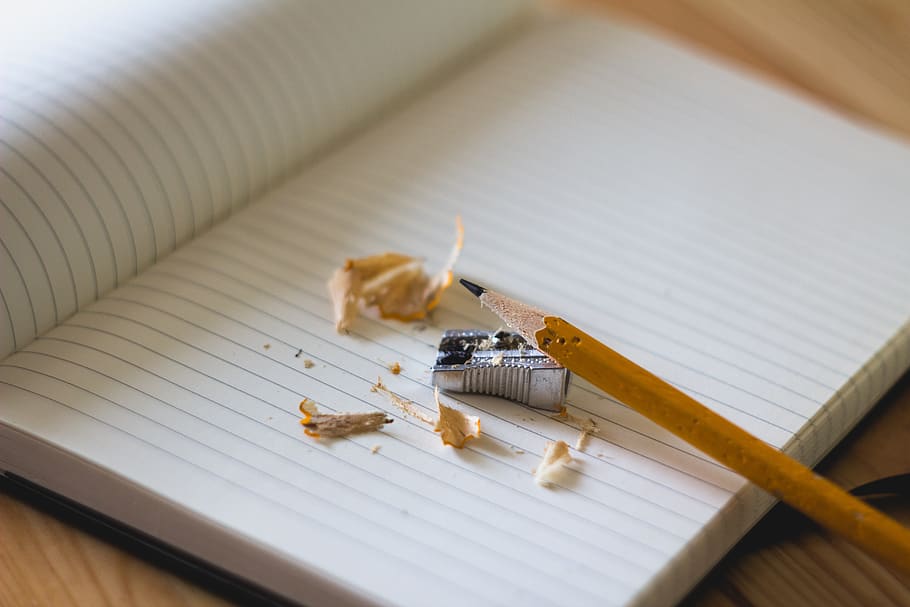 notebook, kertas, pensil, rautan, bisnis, kreatif, kantor, meja, dalam ruangan, masih hidup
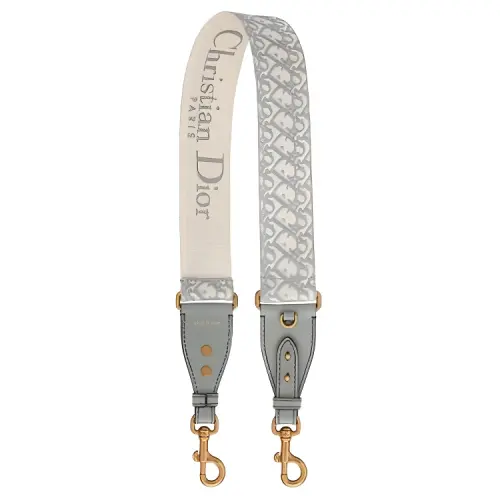 DIOR Print Cow Leather Bag Straps Women's Gray
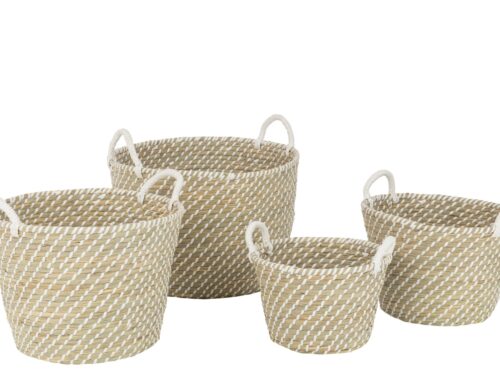 Mand Flordas Zeegras Naturel set van 4, ronde opbergmanden met handvatten in naturel en wit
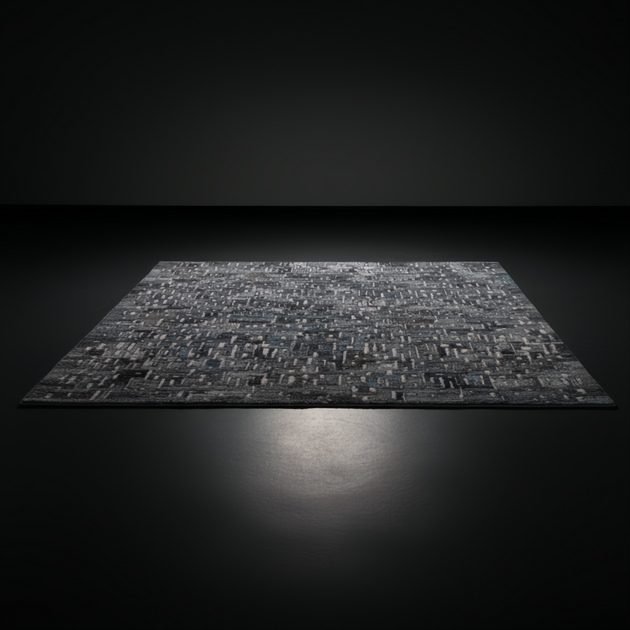 Surya Calgary CGR-2305-P hand-tufted rug with Teal, Charcoal, Gray, Aqua, and Camel recycled PET yarn.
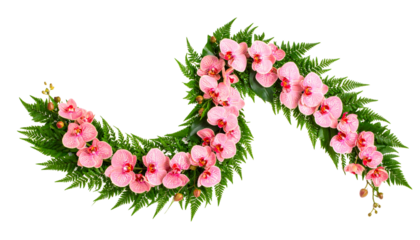 PNG Transparent Tropical Orchid Garland in S Shape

Exercise goal: Would you give again, exactly as written, the lines from the one containing "Surya Calgary CGR-2305-P" through the end of the records, with no pictures and no other lines?

Exercise response:
 Surya Calgary CGR-2305-P hand-tufted rug with Teal, Charcoal, Gray, Aqua, and Camel recycled PET yarn.
 PNG Transparent Tropical Orchid Garland in S Shape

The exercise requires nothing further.